Jesses Drucker is a good tax journalist, and I’ve had the privilege of working with him. In a new Wall Street Journal article he notes (and I apologise – you may have to pay to read the rest of this):
GlaxoSmithKline PLC is embroiled in a potential $1.9 billion court battle with the Internal Revenue Service, which says the drug maker owes back taxes, interest and penalties stemming from tax deductions Glaxo generated essentially by making payments to itself.
The dispute centers on a practice known as earnings stripping, in which a multinational company reduces its taxes by claiming interest deductions for payments to a related unit overseas. The company claims deductions on its U.S. tax return, but no money ultimately leaves the parent company's coffers, and publicly reported profit is unchanged.

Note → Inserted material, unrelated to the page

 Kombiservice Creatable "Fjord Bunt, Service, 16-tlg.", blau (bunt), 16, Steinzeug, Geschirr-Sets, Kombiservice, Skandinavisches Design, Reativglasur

"The ability of U.S. subsidiaries of foreign multinationals to strip away earnings like this is a problem" because it significantly reduces the U.S. corporate-tax base, says Reuven Avi-Yonah, a former corporate tax attorney and now director of the international-tax program at the University of Michigan Law School.
What’s in dispute? That when GSK was created a Swiss structure was used to be the parent for the US operations and that substantial intra-group payments were made to this Swiss structure which GSK claims were interest and so tax deductible. But the IRS says they were dividends and not tax deductible.
That’s the face value transaction. But underneath it, as Jesse implies, is the suggestion that this was income shifting to a low tax regime that the IRS wants to challenge.
They’re right to do so. Major corporations cannot be allowed to undermine the societies on which they are dependent to make their profits. Good luck to the IRS in this one.